- Written by: Theresa Rebeck
- Original language: English
- Genre: Comedy
- Setting: present day Cincinnati

Premiere
- Date premiered: November 29, 2012
- Place premiered: Music Box Theatre

= Dead Accounts =

Play written by Theresa Rebeck

Dead Accounts is a Broadway play written by Theresa Rebeck. The comedy premiered at the Music Box Theatre on November 29, 2012, and closed on January 6, 2013. The production starred Norbert Leo Butz and Katie Holmes, and was directed by Jack O'Brien.

==Production==
Dead Accounts opened on Broadway at the Music Box Theater on November 29, 2012. The play was first performed at the Cincinnati Playhouse in the Park in February 2012.

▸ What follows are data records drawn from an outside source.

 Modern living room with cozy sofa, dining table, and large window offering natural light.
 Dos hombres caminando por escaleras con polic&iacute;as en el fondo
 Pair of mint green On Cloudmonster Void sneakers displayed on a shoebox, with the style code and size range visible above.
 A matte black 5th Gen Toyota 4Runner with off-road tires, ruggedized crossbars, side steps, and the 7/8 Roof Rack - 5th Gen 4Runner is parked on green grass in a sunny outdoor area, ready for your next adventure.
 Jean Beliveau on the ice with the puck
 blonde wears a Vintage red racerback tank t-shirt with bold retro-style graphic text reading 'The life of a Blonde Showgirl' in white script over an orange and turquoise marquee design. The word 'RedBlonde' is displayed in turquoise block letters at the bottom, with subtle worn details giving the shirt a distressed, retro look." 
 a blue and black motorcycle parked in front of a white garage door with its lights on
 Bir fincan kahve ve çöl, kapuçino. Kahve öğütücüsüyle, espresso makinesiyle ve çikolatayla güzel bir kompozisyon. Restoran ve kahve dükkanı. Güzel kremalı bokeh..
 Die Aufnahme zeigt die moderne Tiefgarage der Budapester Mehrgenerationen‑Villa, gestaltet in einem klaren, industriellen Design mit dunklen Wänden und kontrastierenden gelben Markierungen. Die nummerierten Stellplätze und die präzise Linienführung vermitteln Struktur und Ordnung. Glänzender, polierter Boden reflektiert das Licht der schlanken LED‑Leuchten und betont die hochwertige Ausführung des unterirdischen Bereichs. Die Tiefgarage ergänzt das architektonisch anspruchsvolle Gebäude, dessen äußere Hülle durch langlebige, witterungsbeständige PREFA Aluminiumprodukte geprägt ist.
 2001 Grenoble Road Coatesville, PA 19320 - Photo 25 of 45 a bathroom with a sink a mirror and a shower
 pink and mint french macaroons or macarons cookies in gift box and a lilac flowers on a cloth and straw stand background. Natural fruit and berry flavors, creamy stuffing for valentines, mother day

The Broadway production was directed by Jack O'Brien, and starred Norbert Leo Butz and Katie Holmes, in her return to Broadway (after her 2008 debut in All My Sons). Initially only a 16-week run on Broadway, it was announced that Dead Accounts would close early due to poor ticket sales. The last performance was on January 6, 2013.

==Premise==
Dead Accounts centers on Jack's unexpected return to Cincinnati, after spending several years in New York City. His family, included his sister Lorna, and mother Barbara, immediately suspect he is in some sort of trouble. This is confirmed when Jack's soon-to-be ex-wife, Jenny arrives, and reveals Jack has stolen 27 million dollars.

== Cast and characters ==
- Jack, a banker from New York who returns to his home in Ohio
- Lorna, Jack's sister, who lives at home to take care of her aging parents
- Barbra, Jack's mother
- Phil, Jack's best friend
- Jenny, Jack's estranged wife

| Character | Music Box Theatre, Broadway Premiere (2013) |
|---|---|
| Jack | Norbert Leo Butz |
| Lorna | Katie Holmes |
| Barbra | Jayne Houdyshell |
| Phil | Josh Hamilton |
| Jenny | Judy Greer |

==Reception==
Dead Accounts received mixed-to-negative reviews from most critics. Entertainment Weekly called the comedy "engaging, but unsatisfying", but said Holmes was not believable. Ben Brantley of The New York Times criticized the show for not settling on a single tone or subject matter. However, he did praise Butz's performance, as well as the supporting parts of Hamilton and Greer. Brantley also noted that Holmes was more at ease than she was in her 2008 Broadway debut in All My Sons.